Similar to other platforms such as Google Web Toolkit or CoffeeScript, you can run Dart by compiling to native JavaScript code. This will make adoption of this platform a bit easier for browser vendors other than Google. However, unlike GWT, which compiles for different targeted browsers, Dart is designed to compile your application to a single JS file targeting only the modern browsers.  Dart is optionally typed (also called documentary types), which means you can use var to assign any type of variable: String, Object, int, etc. You can use the static types as well. Documentary types improve tool integration features such as: code completion, compiler validations, and code-level documentation, which makes developer's lives easier. Darts type system can be considered a hybrid between Java's strong, static typing and JavaScript pure dynamic typing. If no type information is provided on a variable, dynamic is assumed.

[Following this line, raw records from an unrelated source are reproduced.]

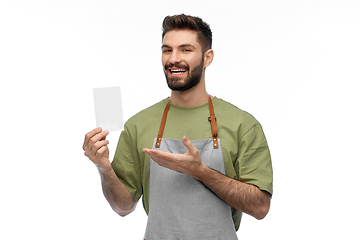 Image showing happy smiling barman in apron with bill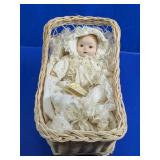 (1) Porcelain Baby Doll in Wicker Bassinet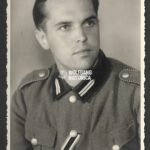 Studioportrait of Reichsarbeidsdienst member showcasing his KVK2X!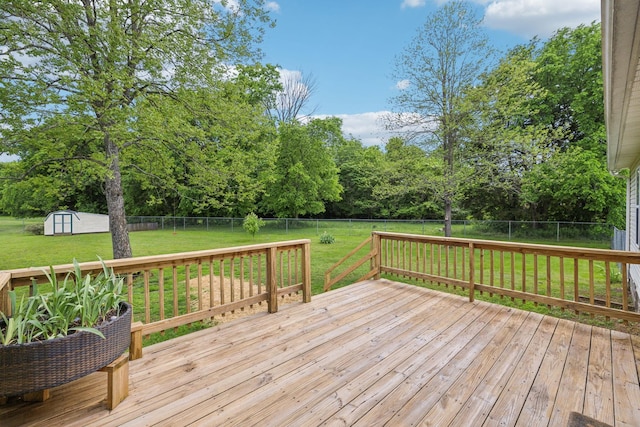 deck featuring a shed, an outdoor structure, and view of scattered trees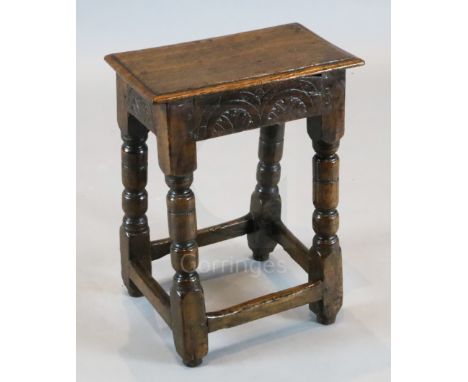 A James I oak joint stool, with carved frieze and turned legs, 1ft 3.5in x 9in. H.1ft 8.5in.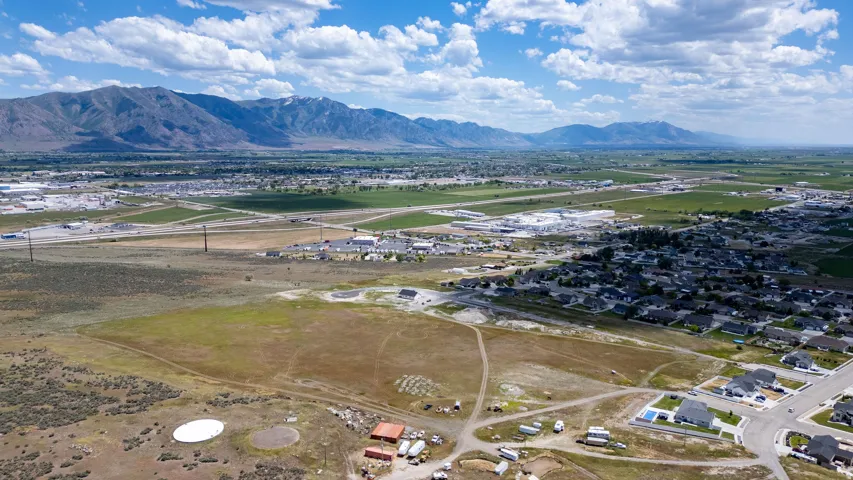 Expansive aerial showcasing a broad landscape with distant mountains, a mix of residential areas, agricultural fields, and undeveloped land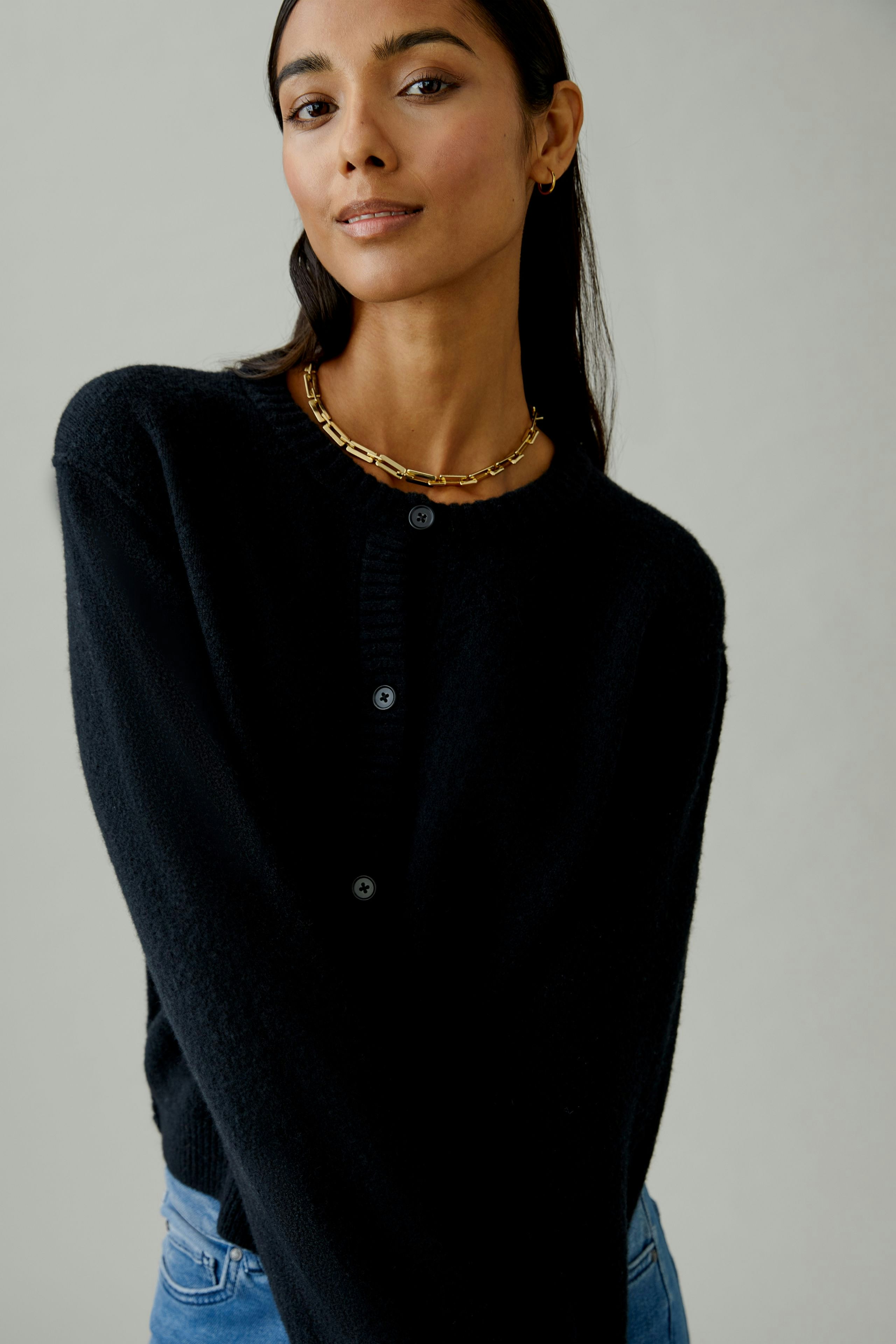 Casual women's cardigan: A woman in a black cardigan with buttons, styled with a simple necklace.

In addition, Dart has a single-threaded concurrency model based on a concept called Isolates for parallel execution of code. Isolates are great because they don't have a shared-memory model, unlike Java Threads. When compiled to JavaScript, Isolates translate to HTML5 Web Workers. This stateless concurrency model is based on a message-passing middleware used to communicate from one isolate to another. In fact, the Dart runtime starts out (from its main method) within the context of an isolate; essentially, every script containing a "main" method runs in its own isolate.

Dart code can spawn a new Isolate, like Java does a for a new Thread. Isolates are different from threads in that they cannot share memory. They are ideal for creating a plugin architecture since they can be used to load external code dynamically in very much the same way to Python and PHP, but because it run in its own Isolate it will run in its own protected memory space.

On a much smaller scale, Dart also supports the development of Server-Side applications using the Dart Virtual Machine. On the server, Dart features nice I/O libraries for manipulating files and sockets. Most of the Dart libraries work on the server, except for dart:html which is in charge of DOM manipulation.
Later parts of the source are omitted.